If it is true that there has never been a movement for justice without the arts, and I believe it is, then the recent history of movement building in the Bay Area exists in part through the work of Melanie Cervantes and Dignidad Rebelde, the collaborative project of Cervantes and Jesus Barraza. If you have ever attended a protest in the Bay Area organized by a coalition of social justice organizations and activists or the Occupy movement, you have seen their work: bold digital and screenprints depicting community members demanding justice and accountability, and telling the story of their struggle and resistance in their own words. Since 2005 they have created a prolific amount of posters illustrating the demands, successes, struggles, and resiliency of communities of color, immigrants, poor people, and those who continue to fight for self-determination in the face of state repression. These posters bring awareness to issues of immigration, the prison system, the history of colonization, and gang injunctions, and are created with and for those most impacted by the issues they depict. Cervantes and Dignidad Rebelde are, in so many ways, the face of the recent uprisings, or as some of us often say, the revolution.
Adrienne Skye Roberts: We are less than a week away from the major actions planned for May Day, International Workers’ Day. Can you describe the poster you made to promote the upcoming May Day actions?
Melanie Cervantes: I created the May Day piece called Toma Las Calles, or “Take to the Streets,” at the invitation of a cooperative effort called Indig-nación. This group of folks came together in response to the Occupied Wall Street Journal that was published in New York and written entirely in English. People had a strong response to the newspaper; they felt like it was a useful tool. Indig-nación wanted to create a Spanish-language newspaper with the same idea. They asked if I would create a poster for a Spanish-speaking audience, and later Occuprint reprinted the poster en masse.
I started researching May Day posters, and eventually I landed on a poster created by the Soviet artist Nikolai Kochergin, from 1920. The image was strong and had so much ideology behind. It featured three central figures: two men and one woman and children in front of them toppling over symbols of the old regime. The design elements, the use of shapes, and the format were super engaging to me as a viewer. I wanted to play off this historic poster with its basic structure of a circular background and grid pattern. I chose to use the Toltec stone stamp created 3,000 years ago. In this design, this juxtaposition of ancient and new imagery brings together printmakers across generations — pre-colonial, current, and post-colonial.
The characters I used are different races, multigender, to invoke a vision of a multiracial, cross-class movement that connects a lot of different people. The three figures are all looking in the same direction, so it is not a vanguard but a mass movement of people with a shared horizon. The crowd is based on a photo that I took at Occupy Oakland. It is always important to me to show a reference to the real movement in my images because that is where I’m at, that is where I produce from.
ASR: How was the process of creating the May Day poster different from or similar to your process of creating other posters?

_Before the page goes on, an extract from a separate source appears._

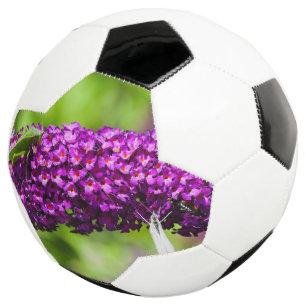 Bola De Futebol energia do katydid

MC: I categorize my work into two different groups. There are pieces that are more of an explicit collaboration between an organization and myself. A recent example of this is my work with Detention Watch Network, a national organization that builds awareness around mandatory detention for migrants. The poster is part of their visual campaign to call attention to how people are getting integrated into the prison industrial complex as a result of immigration laws, how criminalization and immigration are colliding in people’s lives, and how detention is affecting not just the people incarcerated but society at large.
Then there are pieces that are collaborations with artists. In another recent project, I collaborated with my partner, Jesus Barraza, and the poet Mark Gonzales to create a piece commissioned by Stanford’s Institute for Diversity in the Arts for the “Current Preoccupations (Palestine, Oakland, and Arizona)” section of an Occupy Art class led by Jeff Chang. Our piece is a reflection on the triangulation of Palestine, Oakland, and Arizona. So, it’s very broad and it’s open to interpretation. When we collaborate with organizations, my belief is that we are collaborating with organizations that work with the people most impacted by the issues we are addressing. With an artistic collaboration, it’s more about working with artists who have something to say about what is happening in the world.
ASR: How does the function of the poster differ between the two different forms of collaboration?
MC: With the first one, there is clarity around the function: it is going to be used for promoting a standing campaign, with a clear strategy in place for how it falls into the organizing. It could be about promoting an event, a campaign, or a broad vision based in ideology. The artistic collaborations are more like, “Let’s create this, and then let’s see what legs it has in the world.” It is a little more esoteric in terms of its purpose.
ASR: Dignidad Rebelde is everywhere! In the office of the grassroots organization I volunteer with is the Young Mothers’ Bill of Rights and Brown and Proud Todos Somos Arizona, in the hallway of my house is the Pelican Bay Hunger Strike Solidarity poster. Can you talk about your decisions about how to disseminate the work?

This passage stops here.